If the old value is zero, the usual formula breaks because division by zero isn’t allowed. In that case, you can report the change as a plain difference, or you can choose a baseline that fits the setting you’re working in.

Small starting values can create big percents. Going from 1 to 2 is a 100% increase, even though the change is only 1. That’s normal, because the base is tiny.

Negative starting values can be confusing in real contexts. A move from −50 to −25 is an increase on the number line, yet some reports describe it as a smaller loss. If you use the formula, keep the sign and explain what the numbers represent.

Reverse Percent Increase Calculations

Sometimes you’re given the percent increase and one of the values, then you need to find the missing number. The same idea works, you just rearrange the equation.

If you know the old value and the percent increase, you can get the new value like this:

New = old × (1 + percent ÷ 100)

Say a price is 200 and it rises by 15%. New = 200 × (1 + 15 ÷ 100) = 200 × 1.15 = 230.

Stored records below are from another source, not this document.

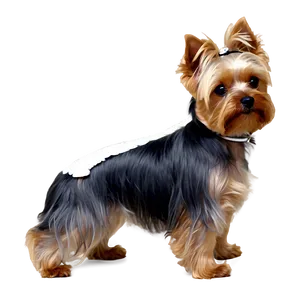 Winter Yorkie PNG Fwc98 PNG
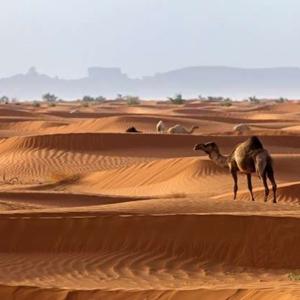 صحراء Sahraa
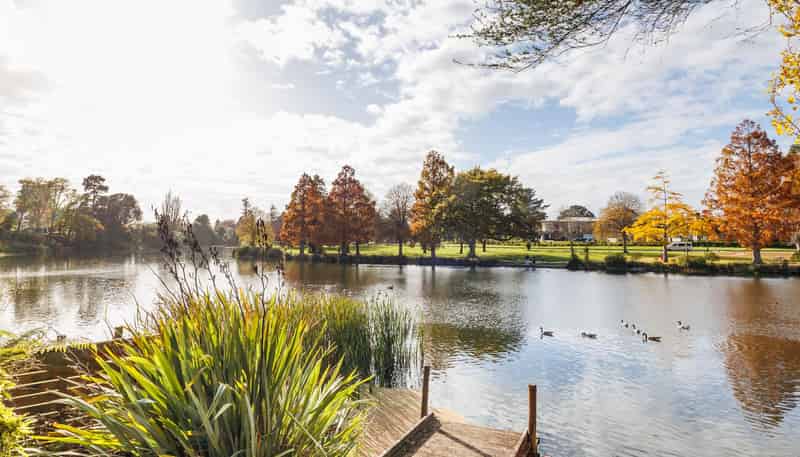 F/44 Manuka Street, HOKOWHITU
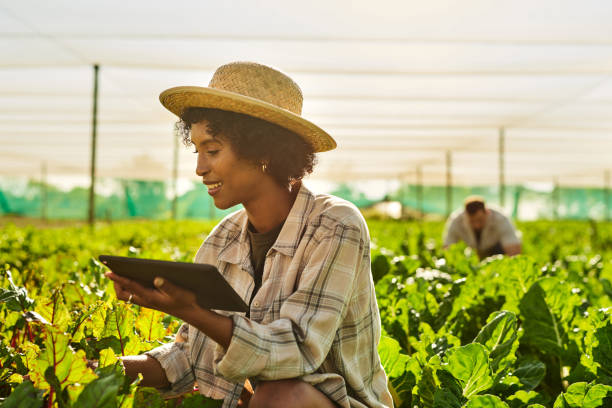 istock Shot of a young woman using a digital tablet while working on a farm 1373233703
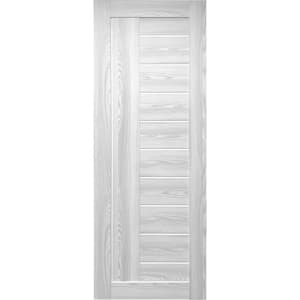 24 in. x 80 in. Tallahassee Ice Maple Prefinished Frosted PC Glass 10-Lite Solid Core Wood Interior Door Slab No Bore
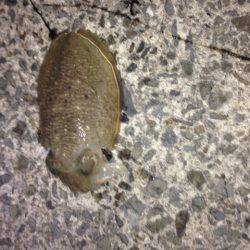 良型アオリイカ好調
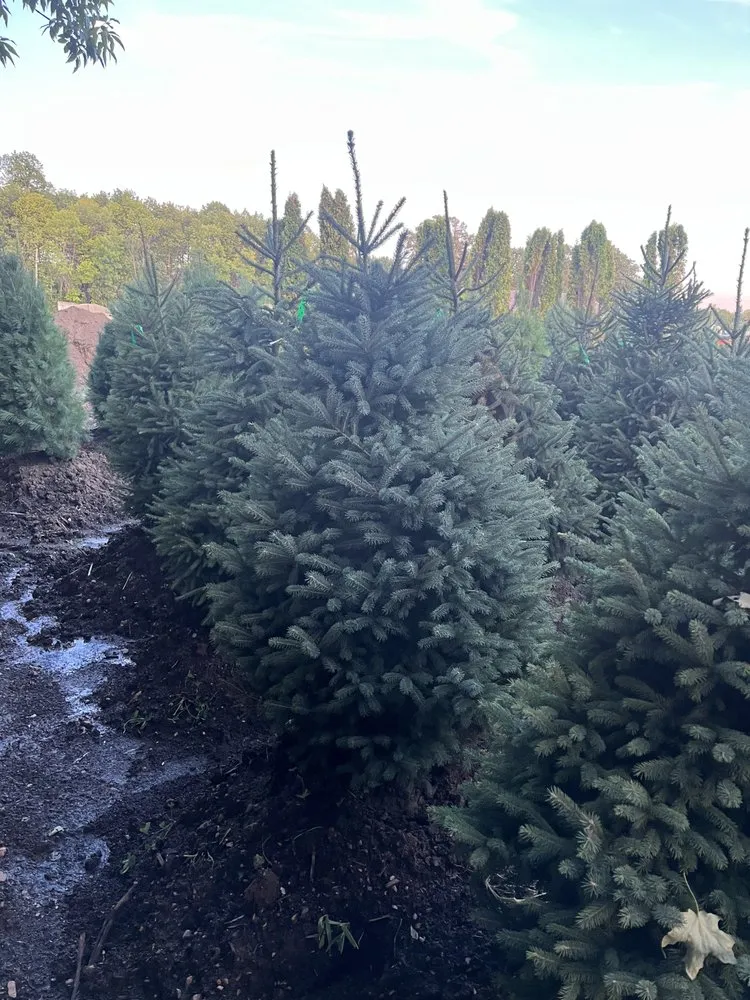 Custom landscape design in Elk River, MN by High Country Services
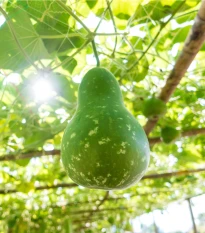 Okurka indická Permaroma F1 - Lagenaria siceraria - semena okurky - 6 ks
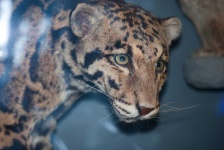 image of animal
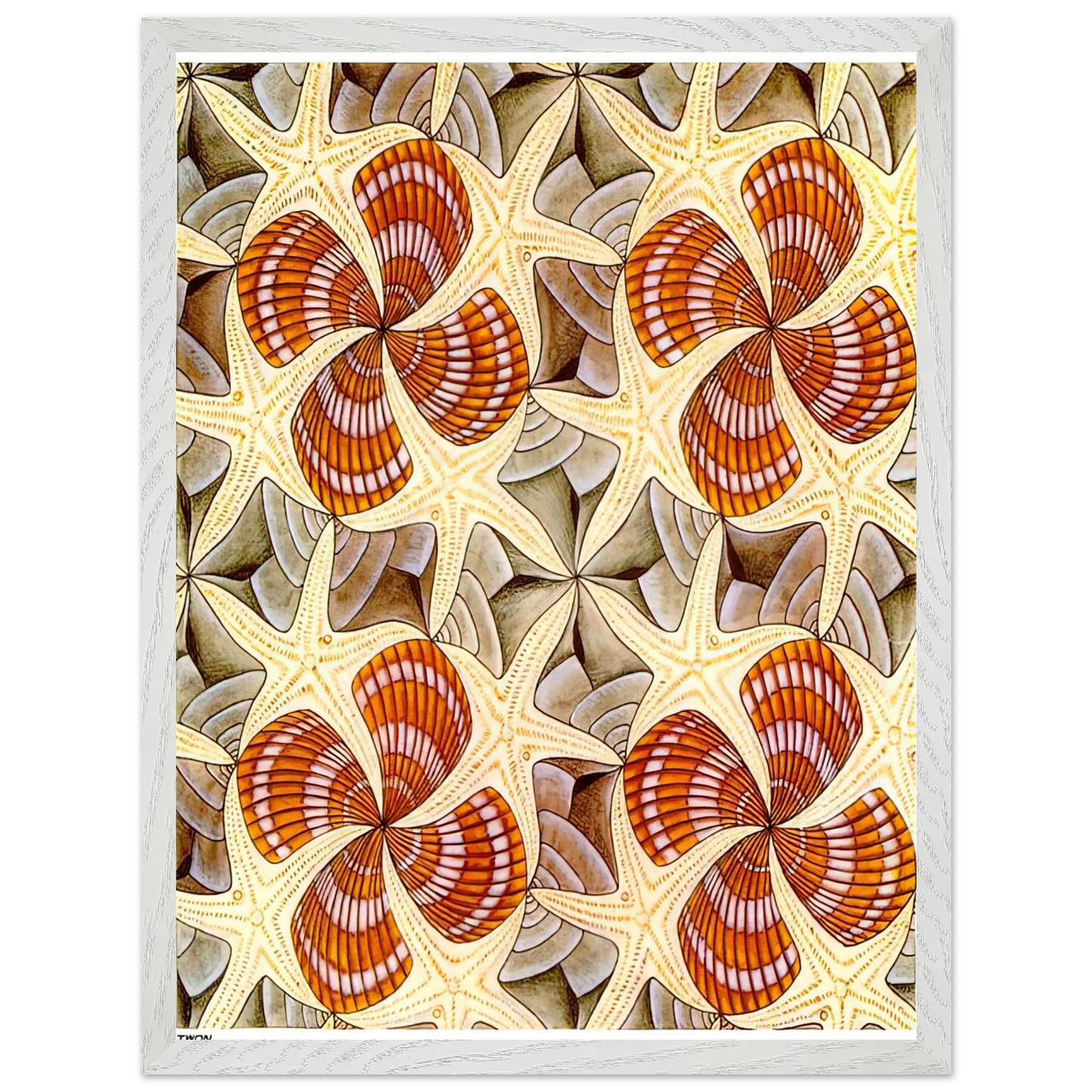 MC Escher - SHELLS AND STARFISH Wall Art - 30x40 cm / 12x16 inches - Premium Wooden Framed Poster With Fine Art Paper - Wood frame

If you know the new value and the percent increase, you can get the old value like this:

Old = new ÷ (1 + percent ÷ 100)

Say the new price is 125 after a 25% rise. Old = 125 ÷ 1.25 = 100. That matches the story: 25% of 100 is 25, and 100 + 25 = 125.

Percent Increase In Excel And Google Sheets

Spreadsheets handle the arithmetic fast, but the formula still needs the right base. Put the old value in A2 and the new value in B2, then type:

=(B2-A2)/A2

Then format the cell as a percent. Microsoft’s worksheet page on Excel percent change formulas shows the same structure and the formatting steps.

If you want more drills with instant feedback, the Khan Academy percent increase practice page gives short problems that train the same routine.

One sheet tip: if your result shows 0.25, that’s not wrong. It’s the decimal rate. Turn on percent formatting and it will display 25%.

Check	What You Do	What It Tells You
Base picked	Divide by the starting number	You measured change against the start
Sign check	Compute new − old	Positive means increase
Scale check	Ask “Did it double?”	Double should read 100%
Rounding	Round once at the end	Keeps the final percent steady
Unit match	Convert units before math	Stops hidden conversion errors
Reason check	Estimate with rough numbers	Flags wild answers fast

Quick Self-Checks Before You Trust The Number

Before you write the final percent, run two quick checks. They take seconds and they catch the big slipups.

• Story check: If the value barely changed, a huge percent is a red flag. If it jumped a lot, a tiny percent is a red flag.
• Base check: Ask, “What am I comparing against?” The answer should be the old value.
• Percent-point check: If your inputs are already percents, decide whether you want a point change or a relative change.

If you’re stuck, write the fraction first: (new − old) / old. Fractions make the base choice obvious.

Mini Practice Set With Solutions

Try these on paper. Label old and new, subtract, divide by old, then multiply by 100.

1. Old 30, new 36.
2. Old 250, new 275.
3. Old 48, new 60.
4. Old 1.6, new 2.0.
5. Old 90, new 99.

Solutions:

• 30 → 36: change 6; 6 ÷ 30 = 0.2; percent increase 20%.
• 250 → 275: change 25; 25 ÷ 250 = 0.1; percent increase 10%.
• 48 → 60: change 12; 12 ÷ 48 = 0.25; percent increase 25%.
• 1.6 → 2.0: change 0.4; 0.4 ÷ 1.6 = 0.25; percent increase 25%.
• 90 → 99: change 9; 9 ÷ 90 = 0.1; percent increase 10%.

If your percent is negative on any practice problem you make up, that’s a decrease. The same formula still works; the sign tells the story.

One-Line Formula Card

If you want one line to stash in your notes, use this:

Percent increase = ((new − old) ÷ old) × 100%

Two final checks keep you honest: (1) the divisor is the old value, and (2) the percent matches the story. A jump from 50 to 75 should read 50%, not 25%.